In the quest for greater durability and longevity the solution will be found in an alternative ‘Light Truck’ (LT) tyre, designed from the outset with a much tougher carcase (more on that below). Now in answer to which pattern should be selected I can say without a shadow of doubt that almost no South Australian Government vehicles will ever require the aggressive pattern of a ‘M/T’ or mud-terrain, but the alternative ‘A/T’ or all-terrain will be right.
An LT A/T will come with a tread pattern that is more open and designed to find grip on loose surfaces. That same tread will be around 13mm in depth, nearly 50% deeper than the standard tyre with a commensurate increase in tyre life. That means significantly better wear rates (i.e. takes longer to wear out) and importantly, much better value for money, for not only are they more durable, but often when you go shopping you’ll discover they’ll be cheaper than the original tyres fitted to the vehicle! Work that one out
The other important consideration with the LT A/T we’d mentioned was the carcase. The only true barometer of tyre strength is the load index. Put simply, the bigger the number the better. We’ve always recommended in the classroom that if you’re replacing tyres for a working 4WD, try and aim for a minimum 120 load index. On some vehicles that won’t be possible, but any increase is good if you intend spending time on the dirt. If we have a look at two tyre makers product lines that we have experience with in here at Adventure 4WD there’s a couple of alternatives that offer far better strength.
Bridgestone Desert Dueler D697 – LT285/65R17 120S – That’s a 120 load index = 1,400kgs and S speed rated = 180kph
Toyo OPAT2 – LT285/65R17 121S – That’s a 121 load index – 1,450kgs and S speed rated = 180kph
Both of these tyres are a more practicable application than the standard Dunlops, so we’ve now got a couple of alternatives to get us started for the bush.
Let’s turn our attention to the ‘nut behind the wheel’, the human interface and managing them correctly.
Consulting the ‘Tyre and Rim Association Manual of Australia’, the bible on tyres and used by both manufacturers, legislators and tyre resellers for determining wheel size, tyre size and pressure, we discover that the recommended on-road or highway minimum pressure for these LT alternatives starts at 250kPa or 36psi for a vehicle weighing up to 3,660kgs. Given that the GVM (gross vehicle mass) quoted by Toyota for the 200 series is 3,350kgs, we’ve got plenty in reserve at this pressure for the bitumen at speed.

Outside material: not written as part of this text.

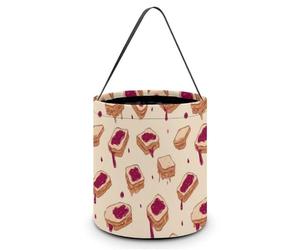Peanut Butter Jelly Pattern Novelty Easter Basket Bucket Bag for Easter Egg Hunts Party Favor Decor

So often this calculation is wrong on vehicles we see in here in the classroom, with tyre pressures set ridiculously and erroneously high. The placarded pressures will always be correct for the original tyres seen on the vehicle and should be adhered to. Over-inflating will only increase your risk of trouble with nervous steering, extended braking distances, greater puncture potential and premature wearing of the centres of the tyres, very much false economy if you’ve been guided to seek better fuel efficiencies (over-inflation is often recommended as a way to gain greater fuel economy because of reduced tyre friction/contact with the road surface alas it comes at a cost and with 4WD tyres costing $300+ each these days you’d have to gain a significant improvement in fuel use to offset the demise of your tyres, worn ahead of time).
Taking that 250kPa/36 psi starting point as being right for the bitumen, you’ll need to make some changes on the dirt and employ what we call ‘The 20% Rule’.
The 20% Rule = Reduce pressures by 20% & slow down by 20% on dirt!
If you were barrelling along at 100kph previously, now go no faster than 80kph and only if the road and conditions will support that speed. At the same time a pressure reduction to 200kPa/29psi will give the tyre greater flexibility to absorb impacts with rocks that ordinarily would destroy a tyre.
At day’s end and you return to the bitumen and the speed increases, you’ll need to re-inflate your tyres to their original highway pressure requirement. Do that and they won’t get hot and bothered, because the whole tyre management equation is all about maintaining an effective pressure/load/speed and temperature quotient.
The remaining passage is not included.